WHAT THE TASK ASKS: This task asks for the lines from the one with "Terreni e lotti" to the final line below, repeated exactly, with pictures omitted.

====================

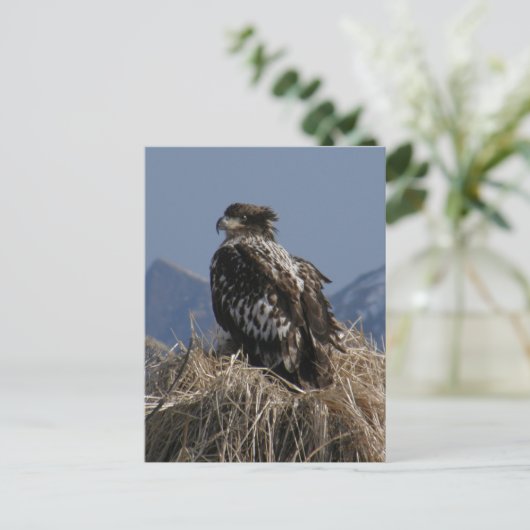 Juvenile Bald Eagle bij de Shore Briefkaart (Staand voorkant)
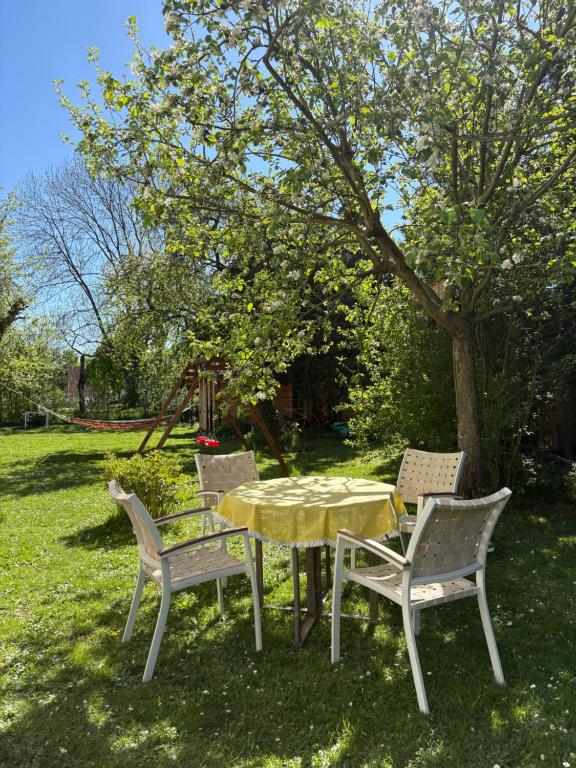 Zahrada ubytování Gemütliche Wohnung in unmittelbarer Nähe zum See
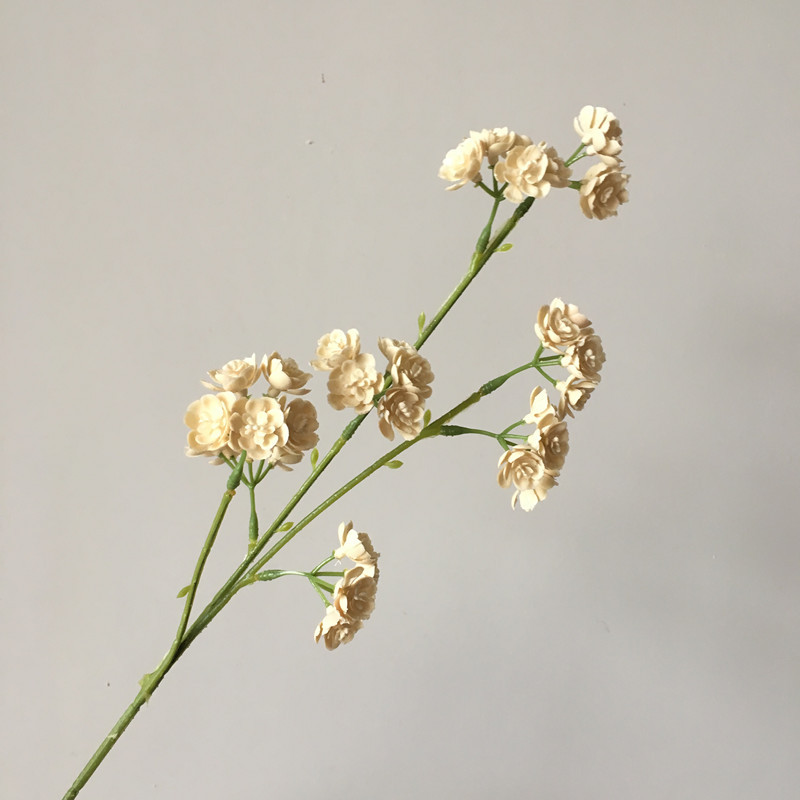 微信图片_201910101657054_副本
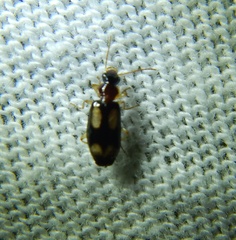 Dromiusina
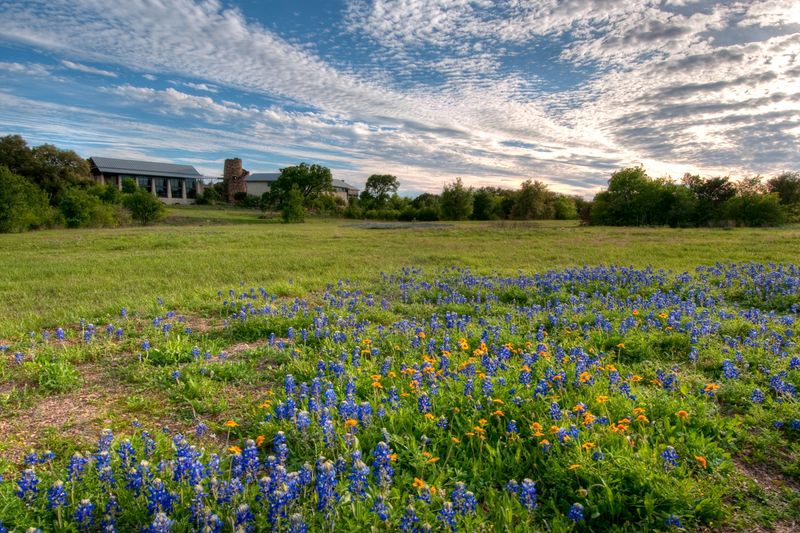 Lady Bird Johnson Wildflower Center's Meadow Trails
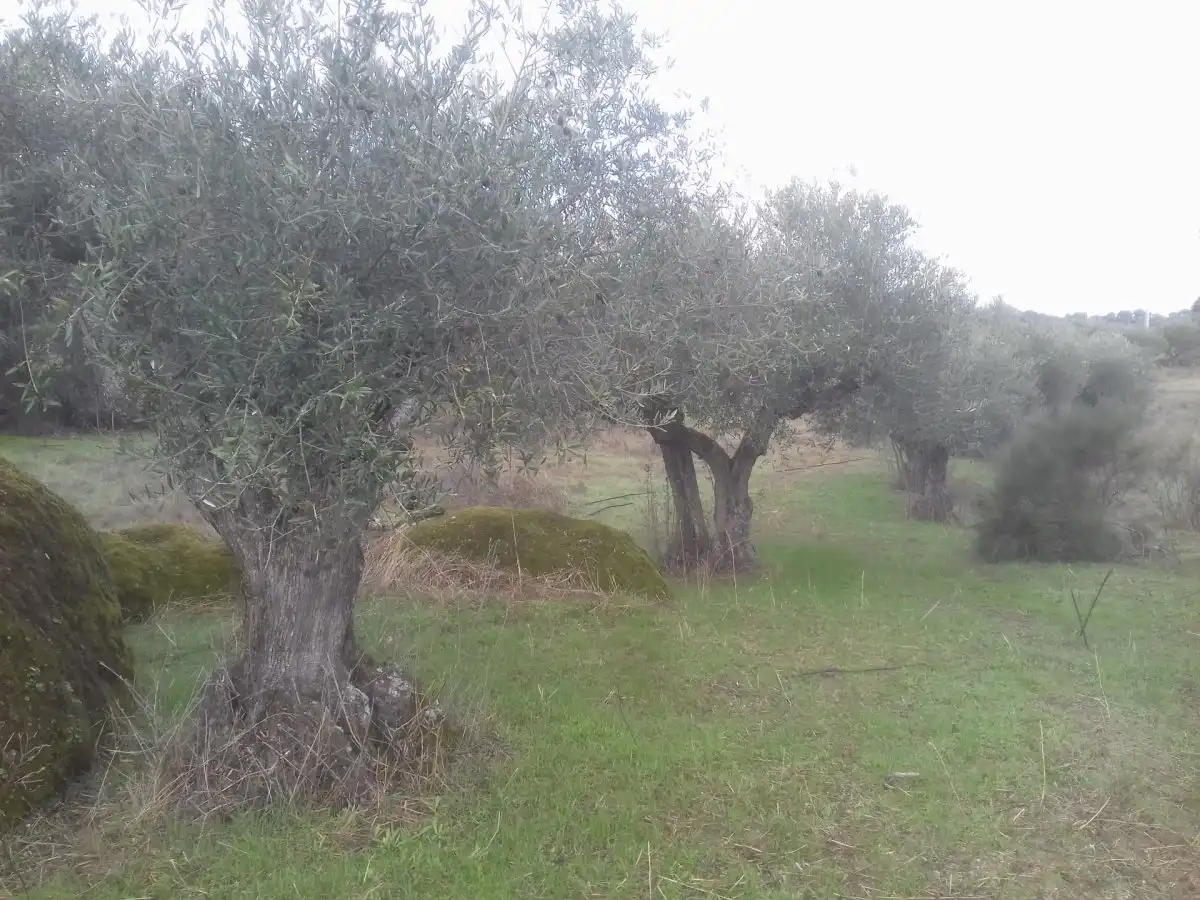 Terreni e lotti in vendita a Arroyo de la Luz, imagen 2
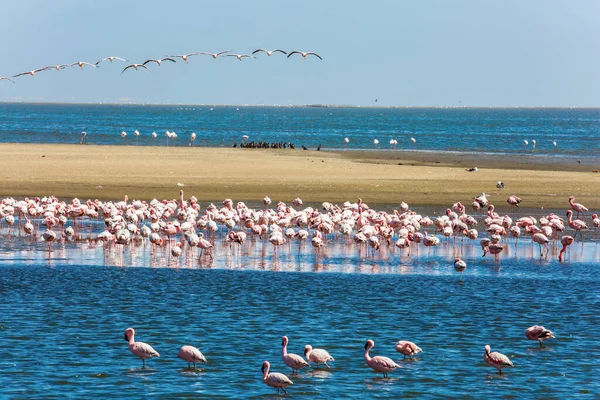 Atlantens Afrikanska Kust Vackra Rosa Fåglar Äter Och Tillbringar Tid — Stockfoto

====================

ANSWER AREA:
 Terreni e lotti in vendita a Arroyo de la Luz, imagen 2
 Atlantens Afrikanska Kust Vackra Rosa Fåglar Äter Och Tillbringar Tid — Stockfoto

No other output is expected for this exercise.